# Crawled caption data
####

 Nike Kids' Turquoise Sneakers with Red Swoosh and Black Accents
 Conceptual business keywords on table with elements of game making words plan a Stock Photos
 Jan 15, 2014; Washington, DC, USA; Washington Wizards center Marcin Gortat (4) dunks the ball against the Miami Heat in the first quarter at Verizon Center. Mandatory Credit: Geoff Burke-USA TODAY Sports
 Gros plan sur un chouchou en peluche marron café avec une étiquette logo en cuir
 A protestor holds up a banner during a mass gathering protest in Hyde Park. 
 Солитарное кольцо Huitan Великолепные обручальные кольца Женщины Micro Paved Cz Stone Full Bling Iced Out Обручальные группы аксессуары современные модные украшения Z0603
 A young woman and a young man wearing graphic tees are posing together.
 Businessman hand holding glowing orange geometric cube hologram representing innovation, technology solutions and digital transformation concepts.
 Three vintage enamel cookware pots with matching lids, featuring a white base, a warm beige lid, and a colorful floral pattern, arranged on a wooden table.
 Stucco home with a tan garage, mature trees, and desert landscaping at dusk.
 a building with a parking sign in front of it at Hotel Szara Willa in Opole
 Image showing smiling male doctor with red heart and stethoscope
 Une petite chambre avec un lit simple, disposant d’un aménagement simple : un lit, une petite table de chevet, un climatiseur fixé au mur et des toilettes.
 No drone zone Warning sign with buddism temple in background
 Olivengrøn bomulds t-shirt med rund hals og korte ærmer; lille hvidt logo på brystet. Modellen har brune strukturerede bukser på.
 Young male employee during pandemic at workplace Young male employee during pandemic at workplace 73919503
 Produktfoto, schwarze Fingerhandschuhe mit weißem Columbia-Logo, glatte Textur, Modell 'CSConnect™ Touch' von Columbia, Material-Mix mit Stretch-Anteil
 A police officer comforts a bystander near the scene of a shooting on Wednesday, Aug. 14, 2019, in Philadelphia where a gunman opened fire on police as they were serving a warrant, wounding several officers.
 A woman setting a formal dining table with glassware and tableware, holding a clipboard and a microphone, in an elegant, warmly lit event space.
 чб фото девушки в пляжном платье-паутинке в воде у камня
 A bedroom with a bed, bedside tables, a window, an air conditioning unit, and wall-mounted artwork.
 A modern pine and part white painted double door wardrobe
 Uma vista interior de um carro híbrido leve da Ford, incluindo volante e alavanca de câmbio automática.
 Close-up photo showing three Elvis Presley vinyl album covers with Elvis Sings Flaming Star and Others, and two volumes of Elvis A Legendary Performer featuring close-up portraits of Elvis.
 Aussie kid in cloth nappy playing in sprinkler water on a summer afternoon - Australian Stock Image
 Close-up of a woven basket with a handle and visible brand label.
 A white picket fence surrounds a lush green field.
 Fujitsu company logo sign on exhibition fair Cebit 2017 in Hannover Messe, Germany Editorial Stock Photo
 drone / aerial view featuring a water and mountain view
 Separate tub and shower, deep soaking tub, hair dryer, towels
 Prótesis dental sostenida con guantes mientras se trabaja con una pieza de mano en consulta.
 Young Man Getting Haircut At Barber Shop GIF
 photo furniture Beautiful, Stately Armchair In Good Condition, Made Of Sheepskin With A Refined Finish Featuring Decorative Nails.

####

# Exercise aim
Only the lines from the one that holds "Prótesis dental sostenida" through the end of the records should appear in the answer, each restated exactly.

# Output of the exercise
 Prótesis dental sostenida con guantes mientras se trabaja con una pieza de mano en consulta.
 Young Man Getting Haircut At Barber Shop GIF
 photo furniture Beautiful, Stately Armchair In Good Condition, Made Of Sheepskin With A Refined Finish Featuring Decorative Nails.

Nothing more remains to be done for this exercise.